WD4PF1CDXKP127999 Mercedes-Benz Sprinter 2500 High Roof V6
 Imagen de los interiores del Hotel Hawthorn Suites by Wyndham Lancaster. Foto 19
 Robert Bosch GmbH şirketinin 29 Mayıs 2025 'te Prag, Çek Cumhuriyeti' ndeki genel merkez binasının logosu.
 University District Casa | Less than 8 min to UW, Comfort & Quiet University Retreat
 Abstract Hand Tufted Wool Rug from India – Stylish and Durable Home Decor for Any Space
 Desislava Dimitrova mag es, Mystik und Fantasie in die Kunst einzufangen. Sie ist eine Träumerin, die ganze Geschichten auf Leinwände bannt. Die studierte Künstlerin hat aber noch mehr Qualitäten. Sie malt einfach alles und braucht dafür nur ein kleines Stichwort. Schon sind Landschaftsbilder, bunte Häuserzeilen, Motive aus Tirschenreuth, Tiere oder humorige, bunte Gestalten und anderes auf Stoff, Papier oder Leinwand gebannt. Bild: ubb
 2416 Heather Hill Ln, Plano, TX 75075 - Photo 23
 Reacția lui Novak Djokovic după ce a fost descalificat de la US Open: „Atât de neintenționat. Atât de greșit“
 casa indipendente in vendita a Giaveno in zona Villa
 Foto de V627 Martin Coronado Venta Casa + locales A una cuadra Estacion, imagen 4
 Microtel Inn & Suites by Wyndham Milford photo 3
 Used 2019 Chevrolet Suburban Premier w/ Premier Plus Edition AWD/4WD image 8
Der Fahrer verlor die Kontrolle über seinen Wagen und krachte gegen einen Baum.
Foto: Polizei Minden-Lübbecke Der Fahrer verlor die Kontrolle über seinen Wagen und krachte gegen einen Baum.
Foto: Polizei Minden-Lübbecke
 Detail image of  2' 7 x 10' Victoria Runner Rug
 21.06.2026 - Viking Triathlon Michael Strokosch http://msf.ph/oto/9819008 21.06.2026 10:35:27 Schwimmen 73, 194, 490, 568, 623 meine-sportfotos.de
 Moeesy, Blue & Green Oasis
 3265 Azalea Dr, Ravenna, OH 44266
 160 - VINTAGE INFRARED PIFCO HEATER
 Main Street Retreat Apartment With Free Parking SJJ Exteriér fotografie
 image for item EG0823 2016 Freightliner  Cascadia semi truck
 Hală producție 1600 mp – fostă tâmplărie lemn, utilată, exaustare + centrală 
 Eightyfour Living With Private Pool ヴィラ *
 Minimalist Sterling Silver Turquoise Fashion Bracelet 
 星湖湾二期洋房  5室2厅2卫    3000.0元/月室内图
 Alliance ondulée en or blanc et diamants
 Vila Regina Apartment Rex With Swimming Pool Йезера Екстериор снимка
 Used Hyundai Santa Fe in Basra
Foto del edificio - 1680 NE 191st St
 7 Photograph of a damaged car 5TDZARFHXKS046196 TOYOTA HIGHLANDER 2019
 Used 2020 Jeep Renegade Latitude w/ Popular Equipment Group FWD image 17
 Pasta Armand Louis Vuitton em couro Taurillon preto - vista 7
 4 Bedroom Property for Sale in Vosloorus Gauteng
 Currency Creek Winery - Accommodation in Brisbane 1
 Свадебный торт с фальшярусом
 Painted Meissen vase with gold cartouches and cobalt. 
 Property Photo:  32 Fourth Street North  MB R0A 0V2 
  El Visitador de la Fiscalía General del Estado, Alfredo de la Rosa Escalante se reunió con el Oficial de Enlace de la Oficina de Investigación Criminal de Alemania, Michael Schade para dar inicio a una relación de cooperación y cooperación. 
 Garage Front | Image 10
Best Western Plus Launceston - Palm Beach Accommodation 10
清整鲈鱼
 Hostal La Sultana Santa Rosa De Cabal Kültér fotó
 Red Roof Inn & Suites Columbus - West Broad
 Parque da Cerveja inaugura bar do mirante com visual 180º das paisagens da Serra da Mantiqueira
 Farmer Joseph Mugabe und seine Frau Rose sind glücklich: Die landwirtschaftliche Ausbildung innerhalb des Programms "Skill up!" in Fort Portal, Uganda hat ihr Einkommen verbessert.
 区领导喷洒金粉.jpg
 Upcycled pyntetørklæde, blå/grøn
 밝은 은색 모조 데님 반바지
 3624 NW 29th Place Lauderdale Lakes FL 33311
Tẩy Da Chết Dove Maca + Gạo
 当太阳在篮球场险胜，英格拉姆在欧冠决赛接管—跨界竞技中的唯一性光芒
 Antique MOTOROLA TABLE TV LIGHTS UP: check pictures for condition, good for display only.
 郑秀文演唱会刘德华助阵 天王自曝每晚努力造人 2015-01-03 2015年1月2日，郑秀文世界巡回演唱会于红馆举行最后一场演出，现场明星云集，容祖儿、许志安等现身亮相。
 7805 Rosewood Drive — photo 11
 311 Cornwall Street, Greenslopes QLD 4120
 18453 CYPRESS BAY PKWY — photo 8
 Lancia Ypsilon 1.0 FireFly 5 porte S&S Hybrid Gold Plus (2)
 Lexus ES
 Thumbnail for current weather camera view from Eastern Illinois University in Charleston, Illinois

=== How to complete this task ===
Nothing beyond the line containing "Microtel Inn &" is to be output; the lines above, from the first one onward to that line, are to be transcribed exactly.

=== Task output ===
WD4PF1CDXKP127999 Mercedes-Benz Sprinter 2500 High Roof V6
 Imagen de los interiores del Hotel Hawthorn Suites by Wyndham Lancaster. Foto 19
 Robert Bosch GmbH şirketinin 29 Mayıs 2025 'te Prag, Çek Cumhuriyeti' ndeki genel merkez binasının logosu.
 University District Casa | Less than 8 min to UW, Comfort & Quiet University Retreat
 Abstract Hand Tufted Wool Rug from India – Stylish and Durable Home Decor for Any Space
 Desislava Dimitrova mag es, Mystik und Fantasie in die Kunst einzufangen. Sie ist eine Träumerin, die ganze Geschichten auf Leinwände bannt. Die studierte Künstlerin hat aber noch mehr Qualitäten. Sie malt einfach alles und braucht dafür nur ein kleines Stichwort. Schon sind Landschaftsbilder, bunte Häuserzeilen, Motive aus Tirschenreuth, Tiere oder humorige, bunte Gestalten und anderes auf Stoff, Papier oder Leinwand gebannt. Bild: ubb
 2416 Heather Hill Ln, Plano, TX 75075 - Photo 23
 Reacția lui Novak Djokovic după ce a fost descalificat de la US Open: „Atât de neintenționat. Atât de greșit“
 casa indipendente in vendita a Giaveno in zona Villa
 Foto de V627 Martin Coronado Venta Casa + locales A una cuadra Estacion, imagen 4
 Microtel Inn & Suites by Wyndham Milford photo 3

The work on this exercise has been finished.